The emerging consensus is that, as Daniel Dennett once quipped, just as we cannot do much carpentry with our bare hands, there is not much thinking we can do with our brains alone. What about emotions? If the brain alone cannot do much thinking, can it alone do some emoting? If not, what else is needed? Do (some) emotions (sometimes) cross an individual’s boundary? If so, which supra-individual systems can have affective states, and why? And does that make emotions “situated” in the sense cognition is said to be situated? Although body and environment have long been a central topic in emotion research, we believe that applying insights from the situated cognition debate can open up new avenues of research in the philosophy and science of emotions.

Already in 1984 during the heydays of cognitivism, Robert Zajonc, one of the most eminent emotion psychologists, co-authored a paper with Hazel Marcus on “Affect and Cognition” strongly critical of the then prevailing “disembodied” theories of cognition, which had even led some emotion researchers (e.g. Solomon 1976) to forget the indispensable role of the body in emotional processes. In particular, Zajonc and Marcus argued that a proper understanding of cognition “is virtually incompatible with the type of computer model of information processing prevalent in contemporary psychology” (1984, pp. 81-82). Their criticism turned out to be farsighted. Nowadays, the role of the body, as well as that of the physical and social environment, is acknowledged in its influence on cognitive processes, and it is increasingly recognized as having a key impact on various affective phenomena.

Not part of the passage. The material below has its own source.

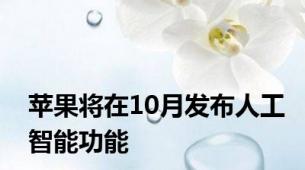 苹果将在10月发布人工智能功能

Cognitive and affective processes that essentially involve body and environment are often characterized as embodied, embedded, extended, or distributed, respectively. Thus far, the conceptual geography of these new terms has not been established; they are used with various meanings and are not part of a generally accepted framework. We use the expression “situated” as the most general term to refer to all of them and offer some suggestions in what follows about how to best understand and use the aforementioned new terminology. This will reduce the amount of talking at cross-purposes, and lead to a better appreciation of how emotion theory can benefit from situated approaches.

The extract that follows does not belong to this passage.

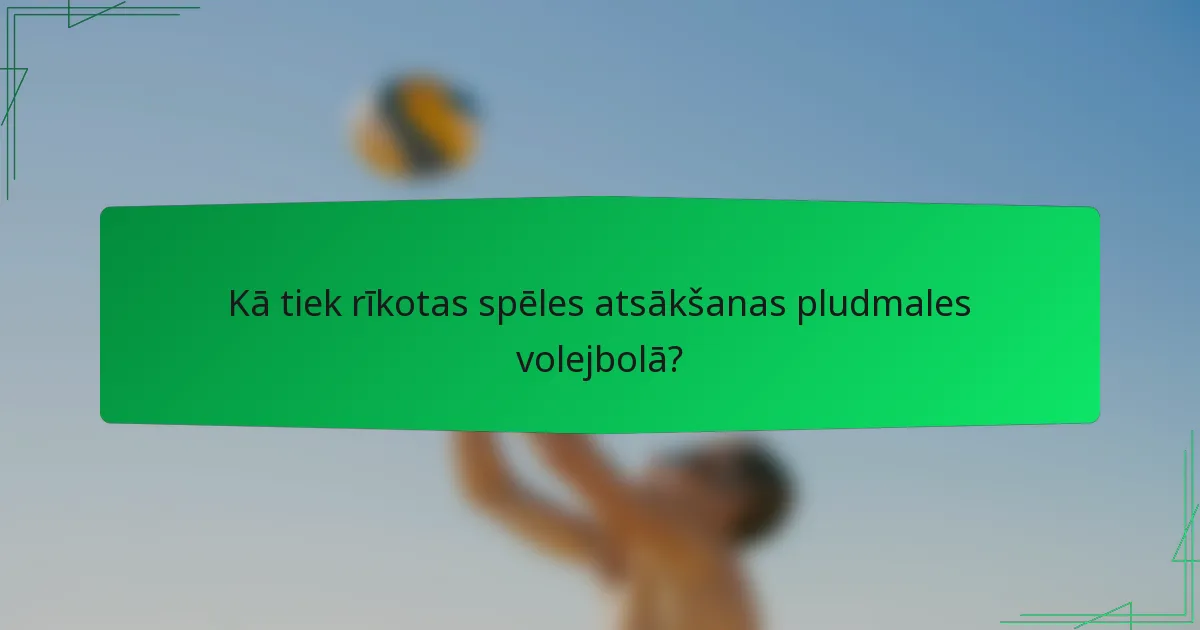Kā tiek rīkotas spēles atsākšanas pludmales volejbolā?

In the current literature, to characterize affective processes as being embodied can mean two quite different things: first, that they essentially involve extra-cranial bodily processes, i.e. depend on or stretch out into processes of the body minus the brain (Niedenthal et al. 2009) or, second, that they involve at least (intracranial) bodily format representations, which are often treated as simulations of bodily processes (Bastiaansen et al. 2009). Although some years ago such views may have been news for cognitive science, they do not contain genuine news for affective science. Bodily processes (or at least representations of the body) have always played an essential role in all sorts of feeling theories, and they are also essential components in appraisal theories such as, e.g., Scherer’s component process model of emotions (Scherer 2005). Only radical cognitivists had downplayed the role of the body in emotions for a while in their historical amnesia.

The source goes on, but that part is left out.